Простой пример, который приводился самим Параджановым. Снимают похороны отца главного героя, и деревенские женщины приглашены сыграть роль плакальщиц, поголосить, поплакать над умершим. Но они отказываются. Почему? Да потому, что в гроб положен мужчина, имя которого не Петро (как было по роли), а другое. Находят Петра, и снова не то — над плохим человеком они плакать не будут (ведь слезы настоящие, не бутафорские). И только когда нашли хорошего Петра, съемка началась.

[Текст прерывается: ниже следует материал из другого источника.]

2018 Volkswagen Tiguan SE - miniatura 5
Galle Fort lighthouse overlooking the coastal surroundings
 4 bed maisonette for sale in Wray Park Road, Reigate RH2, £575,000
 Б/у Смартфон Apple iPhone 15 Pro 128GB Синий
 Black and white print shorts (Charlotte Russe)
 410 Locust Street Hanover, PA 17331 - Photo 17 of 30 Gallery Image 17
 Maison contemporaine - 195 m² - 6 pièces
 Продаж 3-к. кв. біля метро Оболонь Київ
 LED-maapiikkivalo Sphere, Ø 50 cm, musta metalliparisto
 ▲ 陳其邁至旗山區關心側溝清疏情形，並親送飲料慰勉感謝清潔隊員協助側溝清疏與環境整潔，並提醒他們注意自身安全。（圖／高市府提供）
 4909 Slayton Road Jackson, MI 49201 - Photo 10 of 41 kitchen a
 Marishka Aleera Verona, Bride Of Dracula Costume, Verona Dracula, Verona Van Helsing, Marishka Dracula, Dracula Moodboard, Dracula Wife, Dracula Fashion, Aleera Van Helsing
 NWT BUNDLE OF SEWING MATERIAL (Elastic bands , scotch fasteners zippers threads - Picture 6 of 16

Так было и в других случаях. Никакой условности — все по-настоящему. Тут не играли обряды, тут не было никакой формализации — для гуцулов это была обыкновенная жизнь. Точнее сказать, это был их обычный язык общения с окружающим миром. Заклинали духов не потому, что это красиво и так полагается к празднику, просто боялись, как бы те духи не напакостили, не загубили урожай, не навредили здоровью. И так далее. Потому здесь язык адекватен природе (хитрить себе во вред), потому субъекты последней должны отражаться адекватно (если Петро — так Петро). Знак есть отражение реального мира, он работает лишь в тех случаях, когда сопряжен с действием, направленным на определенный объект. Потому бытие здесь есть язык, тот самый, на котором говорит человек с незамутненным сознанием, сознанием, не засоренным пустыми, зряшными идеологемами.
Начало 60-х в СССР — это время, когда советская обрядность начала терять силу. Чахло и идеологически насыщенное слово, которое заклинало будущее, взывало к нему как единственному оправданию тягот и несовершенств сегодняшнего дня. То, что должно было вытеснить, заменить прежние средства реализации подсознательных стремлений, их корректировки и табуирования определенных зон, явно пробуксовывало. Тем бóльшим откровением стало открытие фильмом той реальности — живой реальности, — которой является вроде бы архаический слой сознания.
С. Тримбач
Журнал "Киноведческие записки" № 66, 2004 год.